Viewing Payday Super as a simple timing adjustment is a critical misjudgment, and it’s a trap many employers are at risk of falling into. The quarterly payment schedule we’ve been using has provided a significant buffer, a grace period that hides a lot of operational inefficiencies. Things like delayed contributions, bounce-back payments from incorrect fund details, and messy manual workarounds have always existed, but the three-month window allowed teams to clean them up before anyone noticed. Payday Super removes that buffer entirely. Suddenly, those small recurring problems become glaring, real-time failures. A truly effective change program treats this as an organizational transformation, not a technical one. It requires a collaborative task force with representatives from payroll, HR, finance, and even IT to redesign the entire process and ensure the systems, data, and cash flow can handle the new cadence from day one.
Many organizations rely on the knowledge of a few key individuals for compliance. As regulations become more complex, how does this create exposure? What practical structures can a company build to prove ongoing compliance, rather than just reacting to regulatory updates?
Relying on a few key people is like building a critical piece of infrastructure on a foundation of sand. It feels stable until one of those individuals leaves, goes on vacation, or simply makes a mistake under pressure. As award interpretation and wage laws become more intricate, this “key person dependency” becomes an enormous liability. You’re one resignation away from a major compliance breach. The solution is to build a durable structure around change. This means having documented processes, automated system checks, and regular internal audits that don’t depend on one person’s memory. It’s about creating a framework where compliance is embedded in the system itself, so the key question shifts from a reactive “Did we miss an update?” to a proactive “How can we prove our payroll remains compliant through every change?”
For HR leaders focused on internal capabilities, what specific risks do they run by not engaging with external networks? Can you provide an example of how connecting with industry bodies helps teams stay ahead of evolving interpretations and better practices?

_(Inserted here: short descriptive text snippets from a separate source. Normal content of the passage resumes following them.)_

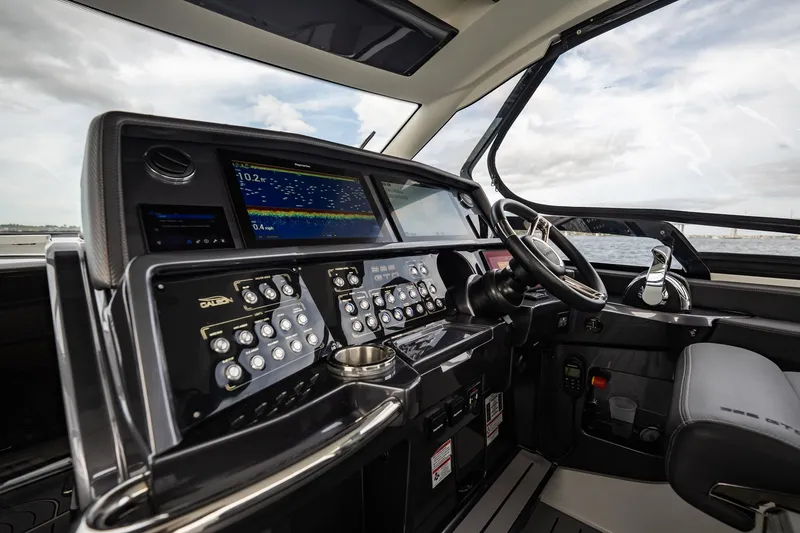 Slide: The Image of 2023 Galeon 325 GTO helm with advanced navigation controls and sleek design. - 38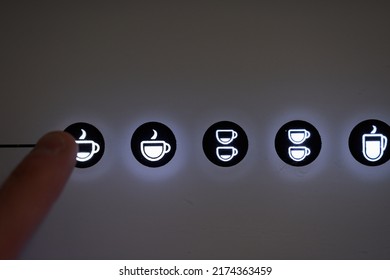 Finger pressing espresso button in automatic coffee machine. High quality photo
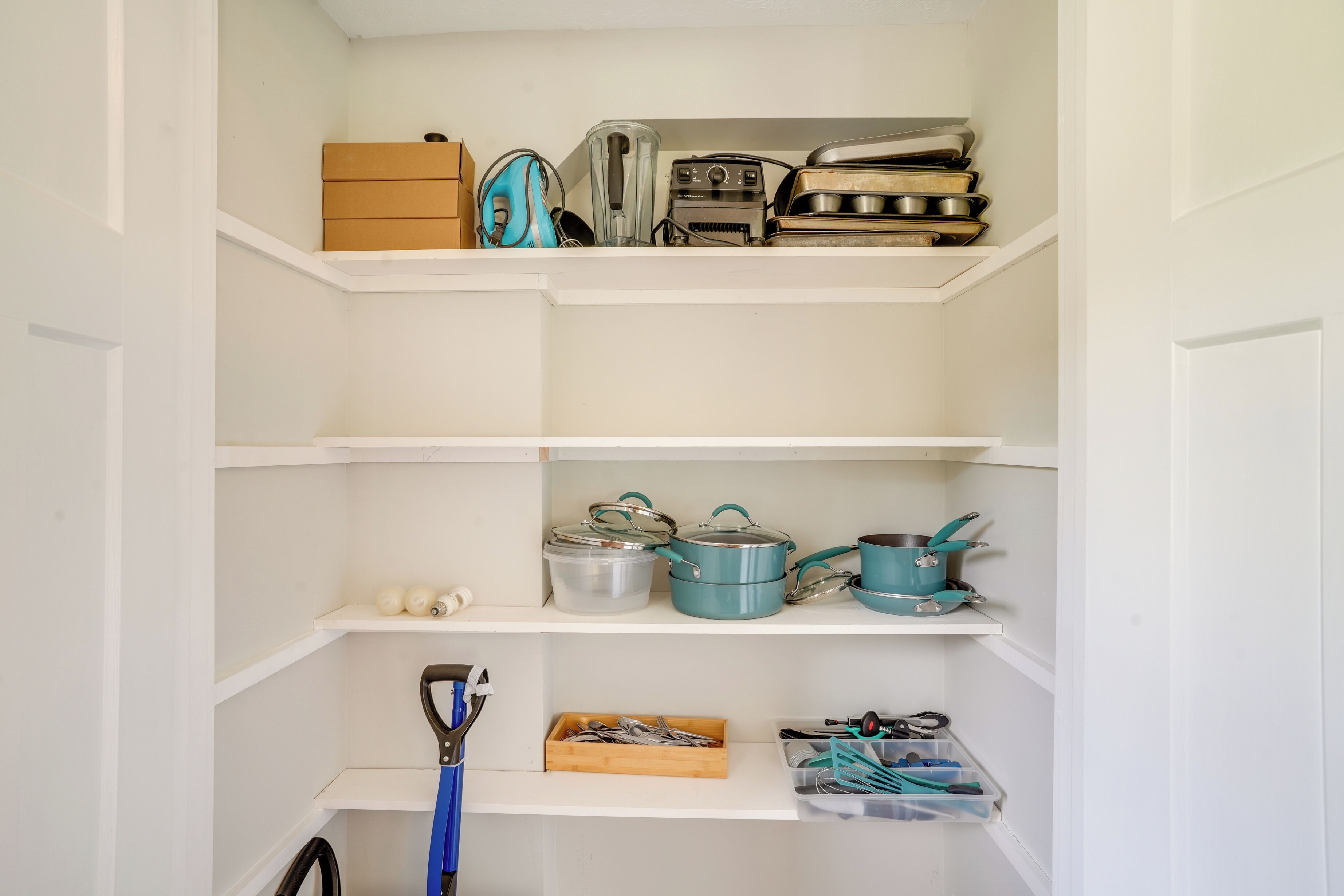 A kitchen with white cabinets, a blue kettle, and various kitchen utensils.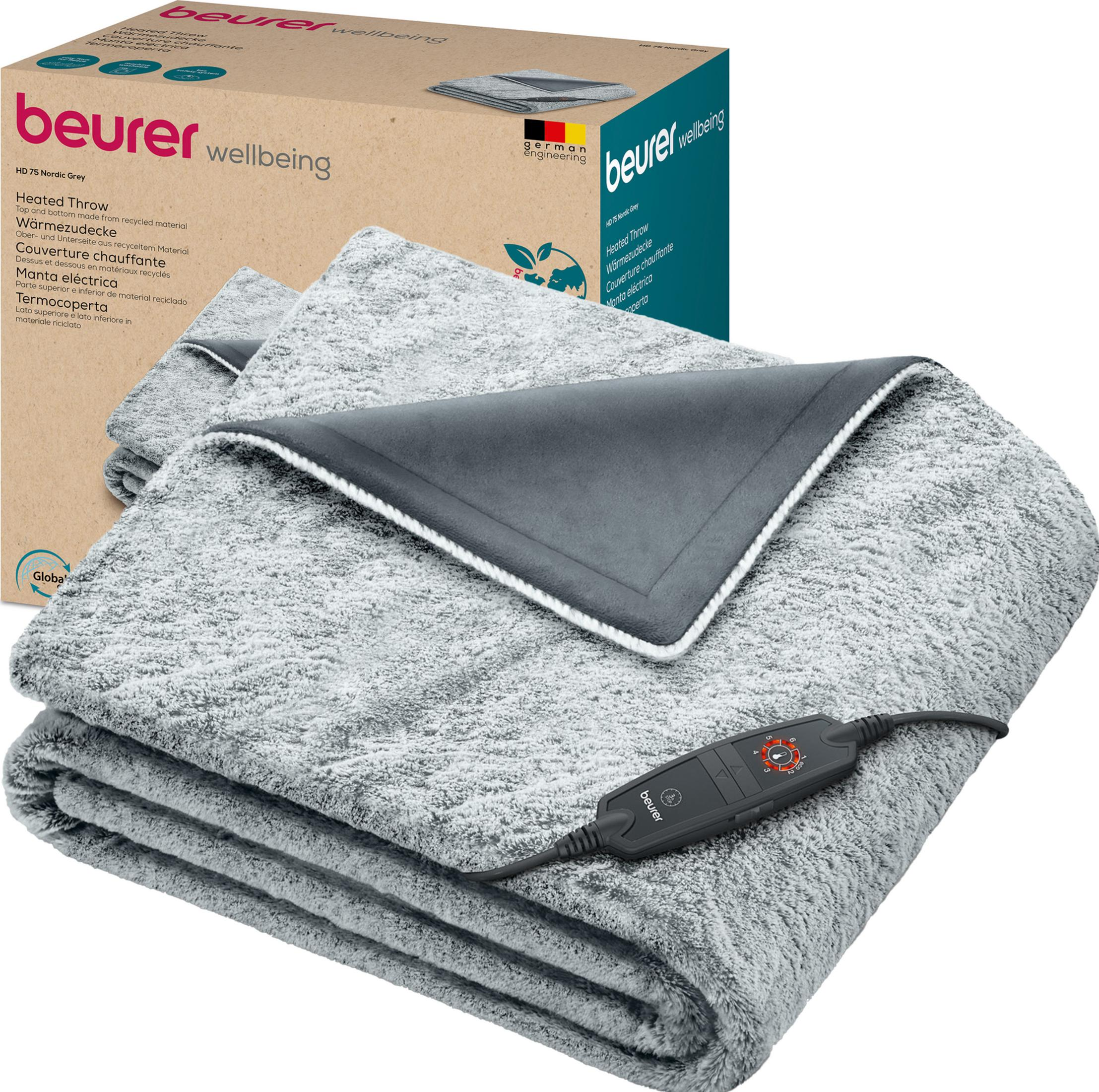 Grauer Beurer Heizwickel mit Fernbedienung und Verpackung.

An insular, inward-looking approach is incredibly risky in today’s environment. When you rely solely on your internal team, you create an echo chamber. You might be very good at executing your existing processes, but you have no visibility into how regulations are being interpreted differently elsewhere or what new best practices are emerging. For example, a new Fair Work ruling might seem straightforward on paper, but engagement with an industry body could reveal that leading law firms are advising a more cautious interpretation. Hearing those nuanced discussions in a forum with peers gives you a massive advantage. It allows your team to stay ahead of the curve, adapt proactively, and avoid being blindsided by an interpretation you never even considered. Combining that strong internal structure with informed external perspectives is what allows an organization to keep pace without being in a constant state of reaction.
What is your forecast for the payroll profession?
My forecast is that the payroll profession is moving from the back room to the boardroom. The focus is shifting dramatically from transactional efficiency to strategic assurance. In the near future, the most valued payroll professionals won’t just be the ones who can process payments quickly; they will be the ones who can stand before the board or a regulator and prove, with undeniable data, that every single dollar is correct and compliant. The employers who will thrive in 2026 and beyond are those who understand this shift and invest in the technology and talent to deliver not just a paycheck, but provable confidence. It’s a very exciting and challenging time for the profession.